Using the data below, set down every line from the one containing "Bathroom, Dual Sink" through the one containing "חייל דתי מתפלל", inclusive and unchanged. Pictures are to be skipped.

.....

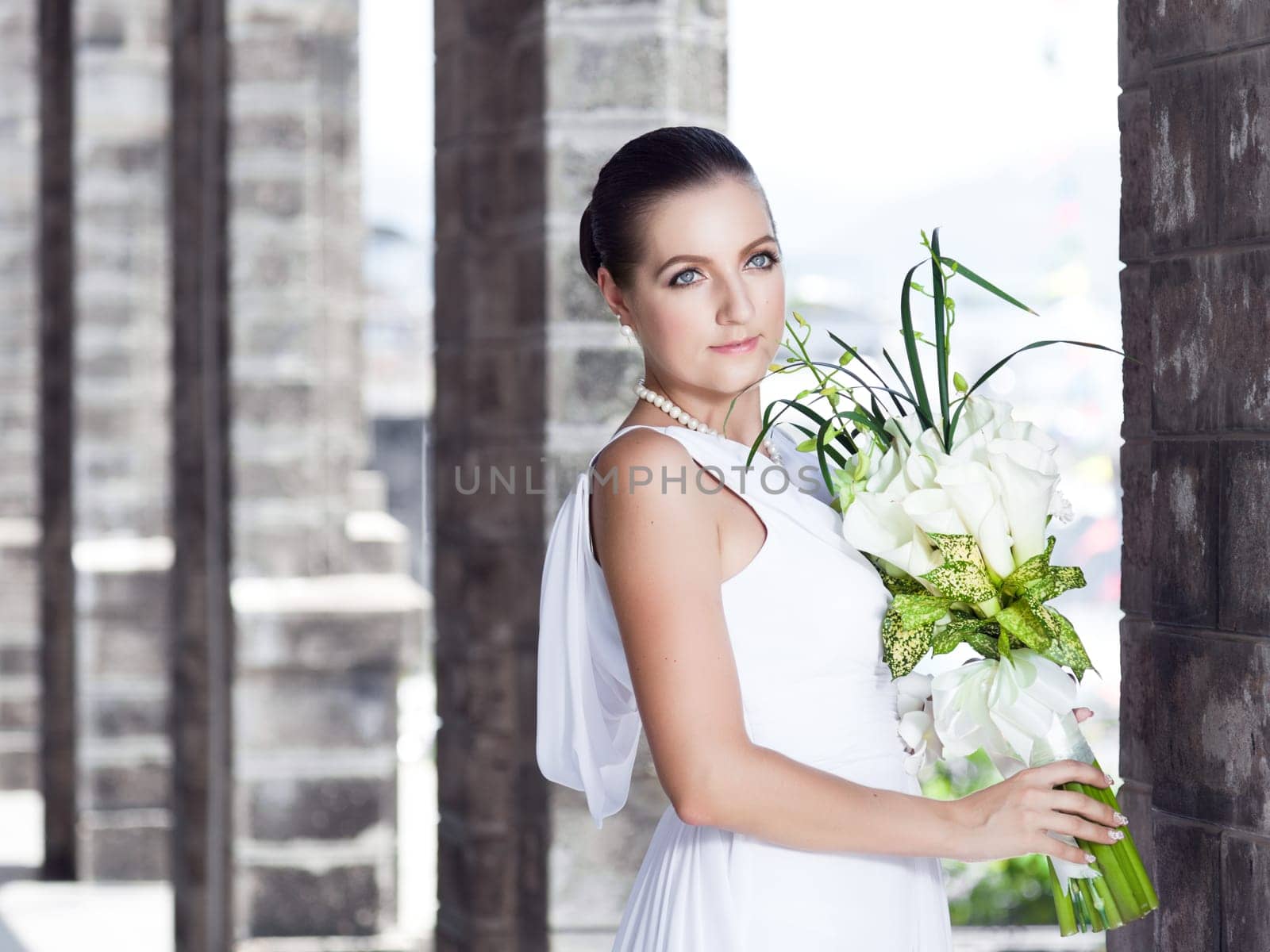 Beautiful bride with a wedding bouquet outdoor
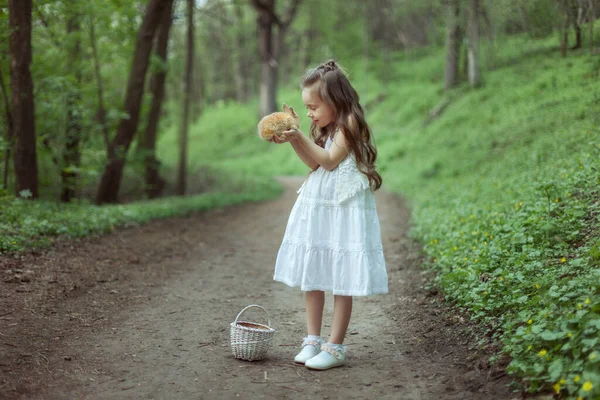 愛らしい赤ちゃんが森の中を歩く 彼女は手にウサギを持っている — ストック写真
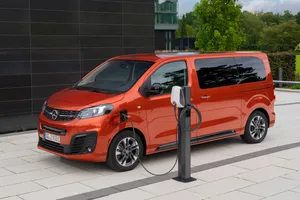 Sleek And Stylish Opel Zafira On The Road Wallpaper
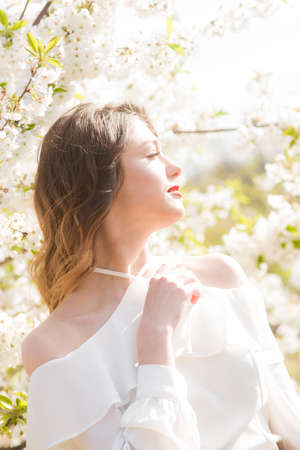 Lovely young girl in a white romantic silk blouse in spring in a blooming cherry garden in sunny weather. Spring and Fashionの写真素材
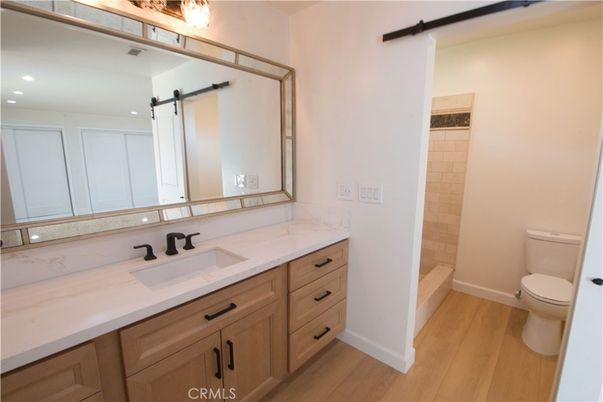 Bathroom, Dual Sink Vanities, Interior, Recessed Lighting, Wood Texture Flooring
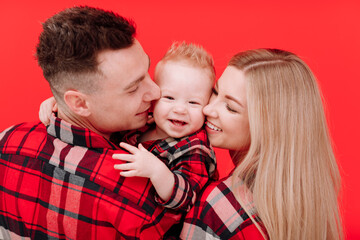 smiling young mother and father are kissing and hugging their baby boy on red background. concept...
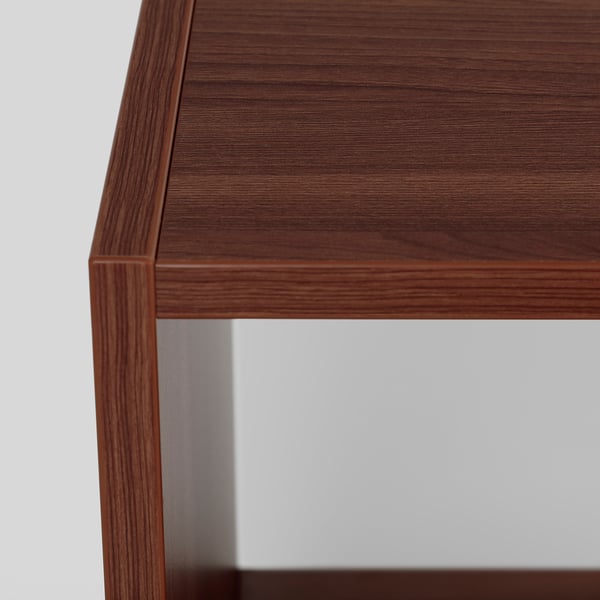 Close-up of sleek, dark wood bedside table with clean lines, showcasing quality finish and sturdy build.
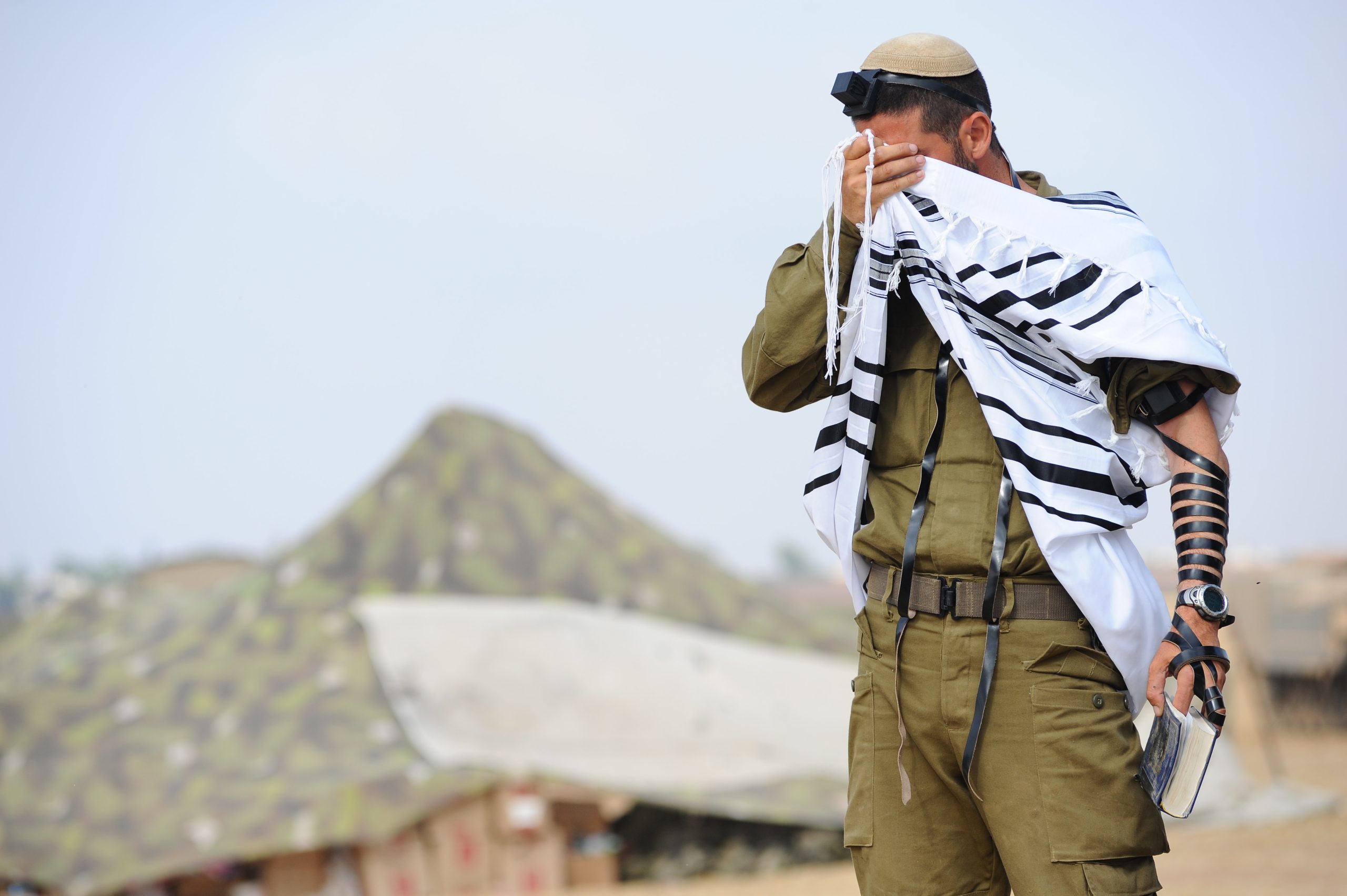 חייל דתי מתפלל שחרית סמוך לגבול עזה בזמן מבצע צוק איתן. קרדיט: מנדי הכטמן \ פלאש 90
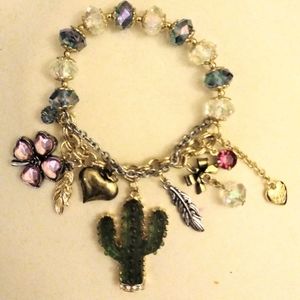 Pretty Betsey Johnson Desert Charm Braclet.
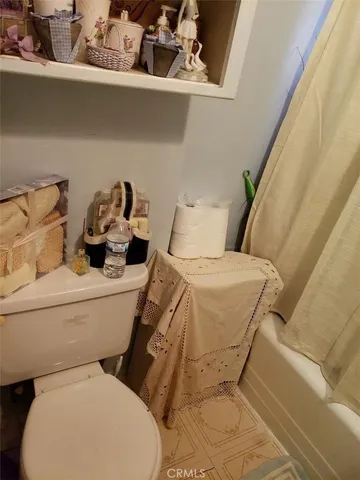 a close view of laundry room with a washer and dryer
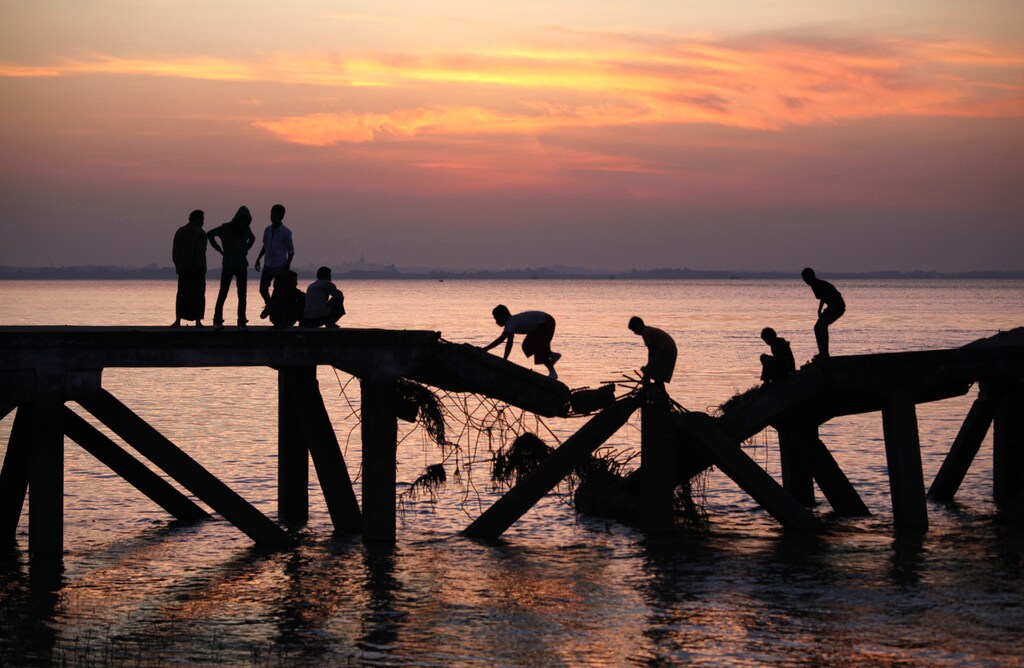 Boys cross a broken bridge across the Yangon river December 27, 2010.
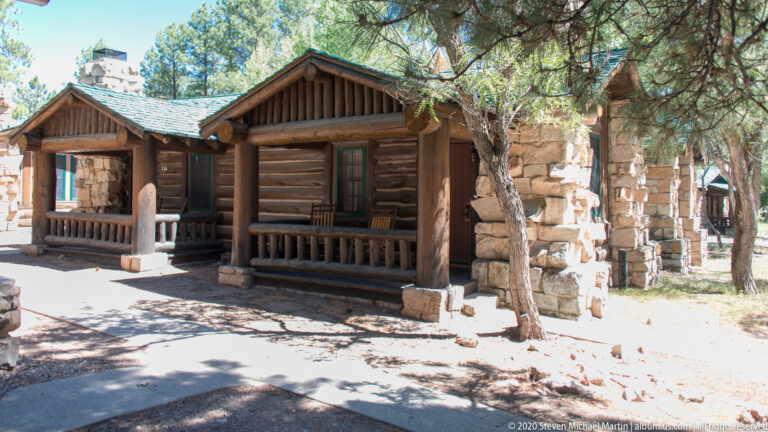 A log cabin with a timber gable and deep porch stands beside a large stone chimney.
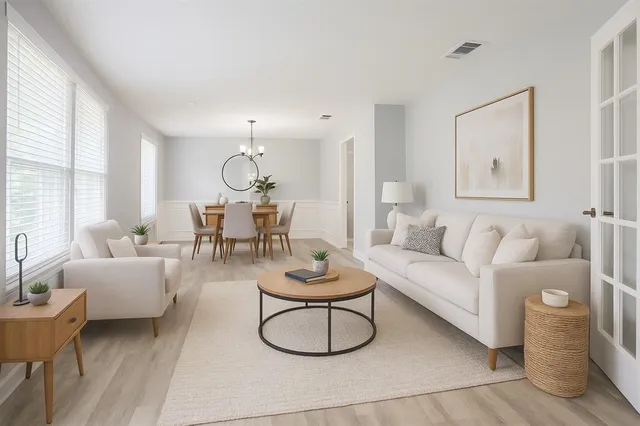 a living room with furniture potted plant and a large window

.....

__RESPONSE__
 Bathroom, Dual Sink Vanities, Interior, Recessed Lighting, Wood Texture Flooring
 smiling young mother and father are kissing and hugging their baby boy on red background. concept...
 Close-up of sleek, dark wood bedside table with clean lines, showcasing quality finish and sturdy build.
 חייל דתי מתפלל שחרית סמוך לגבול עזה בזמן מבצע צוק איתן. קרדיט: מנדי הכטמן \ פלאש 90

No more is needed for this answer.